Jamie Little (born April 9, 1978) is an American pit reporter for NASCAR coverage on Fox. Little is a former pit reporter for ESPN/ABC coverage of the Indy Racing League, although she returned to her pit reporting duty for the 2007 and 2008 Indianapolis 500 as well as the 2013 Firestone 550, and NASCAR on ESPN. Little joined ESPN in 1998 and covered both the Winter and Summer X Games. She is well known among the motocross and extreme sports community for being a pit reporter on ESPN's Motoworld program. Little won the 2008 Toyota Pro/Celebrity Race, edging out Craftsman Truck Series champion Mike Skinner by 0.324 seconds.

Little returned to the Winter X Games in January 2010, covering the Snowmobile Motocross. She also returned to her hosting duties for ESPN's second annual New Years, No Limits special on New Year's Eve.

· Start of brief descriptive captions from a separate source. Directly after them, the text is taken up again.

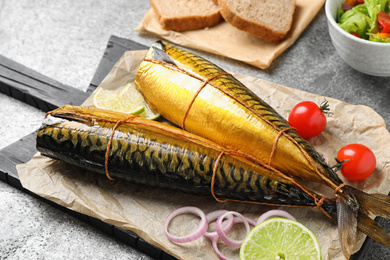 Photo of Tasty smoked fish served on grey table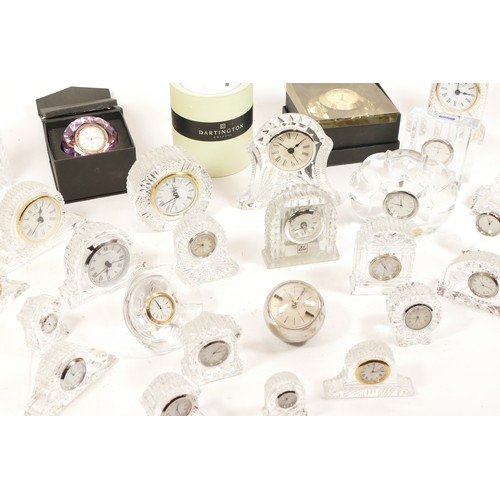 686 - A selection of crystal glass mantel clocks, bedside clocks and miniature novelty clocks, makers to i... 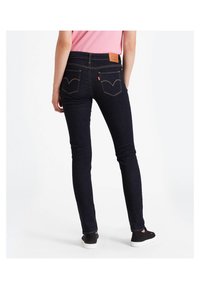 Persona vestida con jeans ajustados oscuros, blusa rosa y zapatillas negras, de pie de espaldas sobre un fondo blanco liso.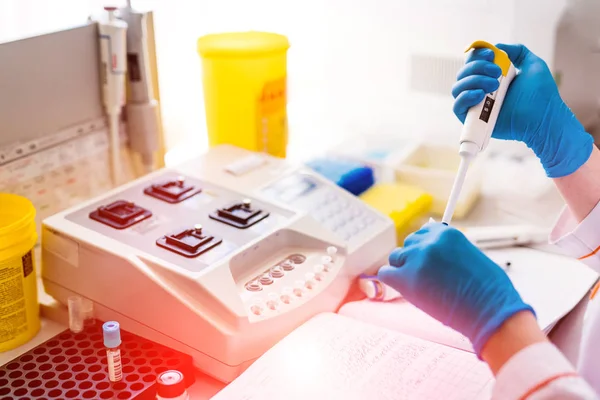 Trabajadores de laboratorio profesionales vertiendo muestras de sangre en viales sobre la mesa. Técnicos de laboratorio médico haciendo experimentos de sangre en clínica de investigación . — Foto de Stock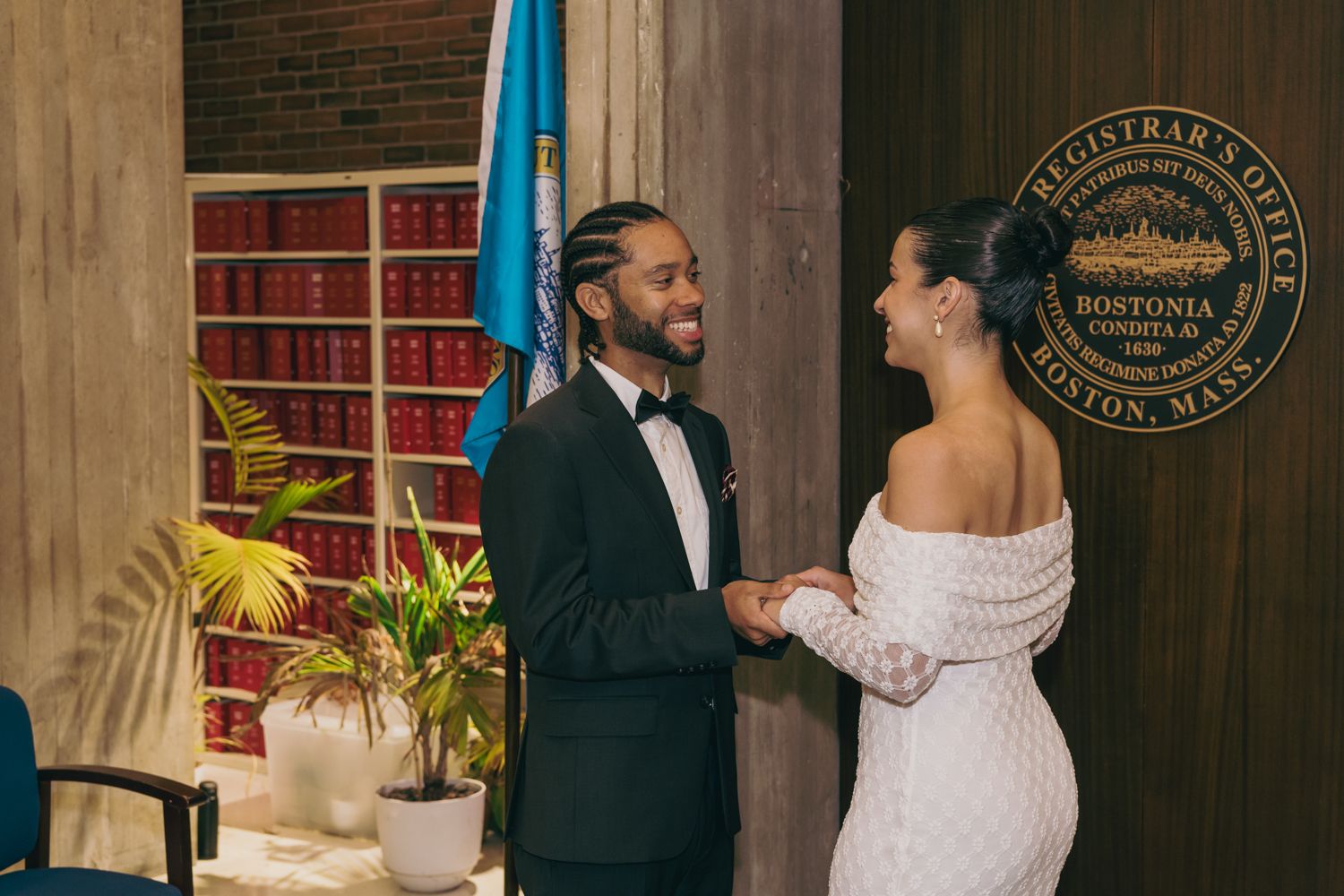 Couple exchanging vows at Boston City Hall Registrar's Office, groom in tuxedo and bride in white off-shoulder gown.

On September 25, 2014, it was announced that Little would move to Fox Sports beginning in January 2015 to serve as a pit reporter for NASCAR Cup Series,  Xfinity Series and Camping World Truck Series races.

In 2021, Little began serving as the lead play-by-play announcer for Fox Sports' coverage of the ARCA Menards Series. She is the first woman to be the lead television play-by-play announcer for a national motorsports series.

Personal life
Little is a 2001 graduate of San Diego State University. Attended Greenspun Junior High School and graduated 8th grade in 1992. Attended Green Valley High School.

In December 2010, Little married Cody Selman in La Jolla, California. On August 9, 2012, she gave birth to a boy, Carter Wayne Selman. On October 24, 2016, Jamie and Cody welcomed Sierra Lynn Selman, the couple's 2nd born child.

Selman & Little own two Jimmy John's franchises in Las Vegas.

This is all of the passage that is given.